## 7.2 Assignment statement

An assignment statement consists of a variable (possibly multivariate
with indexing information) and an expression. Executing an
assignment statement evaluates the expression on the right-hand side
and assigns it to the (indexed) variable on the left-hand side.
An example of a simple assignment is as follows.^{5}

`n = 0;`

Executing this statement assigns the value of the expression `0`

,
which is the integer zero, to the variable `n`

. For an assignment
to be well formed, the type of the expression on the right-hand side
should be compatible with the type of the (indexed) variable on the
left-hand side. For the above example, because `0`

is an
expression of type `int`

, the variable `n`

must be declared
as being of type `int`

or of type `real`

. If the variable
is of type `real`

, the integer zero is promoted to a
floating-point zero and assigned to the variable. After the
assignment statement executes, the variable `n`

will have the
value zero (either as an integer or a floating-point value, depending on
its type).

Syntactically, every assignment statement must be followed by a semicolon. Otherwise, whitespace between the tokens does not matter (the tokens here being the left-hand-side (indexed) variable, the assignment operator, the right-hand-side expression and the semicolon).

Because the right-hand side is evaluated first, it is possible to increment a variable in Stan just as in C++ and other programming languages by writing

`n = n + 1;`

Such self assignments are not allowed in BUGS, because they induce a cycle into the directed graphical model.

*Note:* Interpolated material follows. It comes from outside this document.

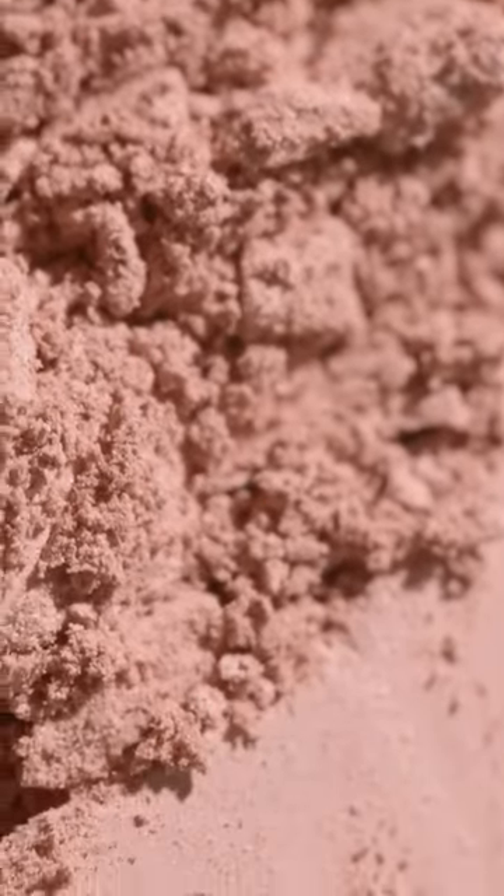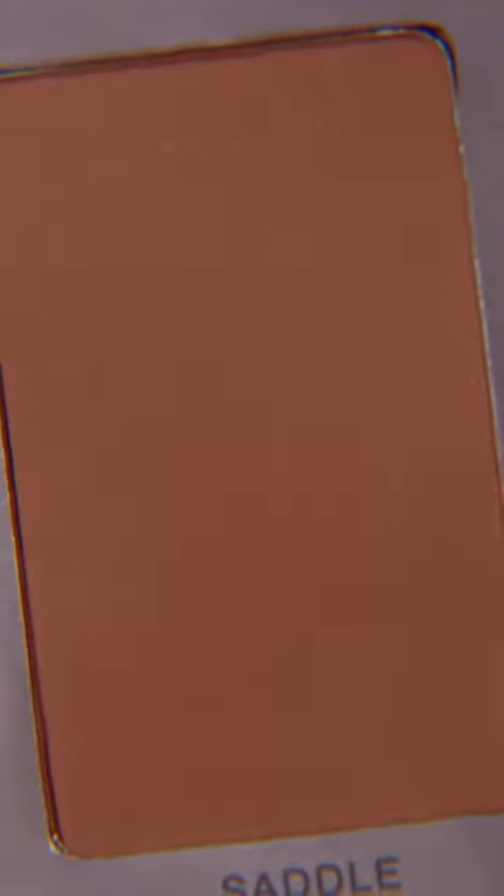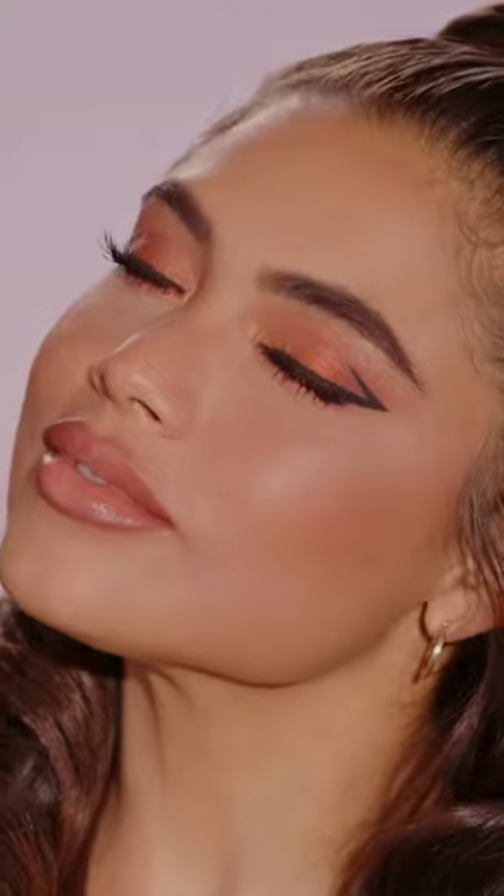Last but not least, we have the two blushes. I wanted to create a gorgeous blush for light and then medium-to-deep skin tones. Grapefruit is a light, peachy pink color — both blushes are matte, by the way. It blends gorgeously and has plenty of payoff. And Saddle is a deep orange color with a brown undertone — a perfect warm tone blush that really warms up the skin and just looks so stunning.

The left-hand side of an assignment may contain indices for array,
matrix, or vector data structures. For instance, if `Sigma`

is
of type `matrix`

, then

`Sigma[1, 1] = 1.0;`

sets the value in the first column of the first row of `Sigma`

to one.

Assignments to subcomponents of larger multi-variate data structures
are supported by Stan. For example, `a`

is an array of type
`real[ , ]`

and `b`

is an array of type `real[]`

, then
the following two statements are both well-formed.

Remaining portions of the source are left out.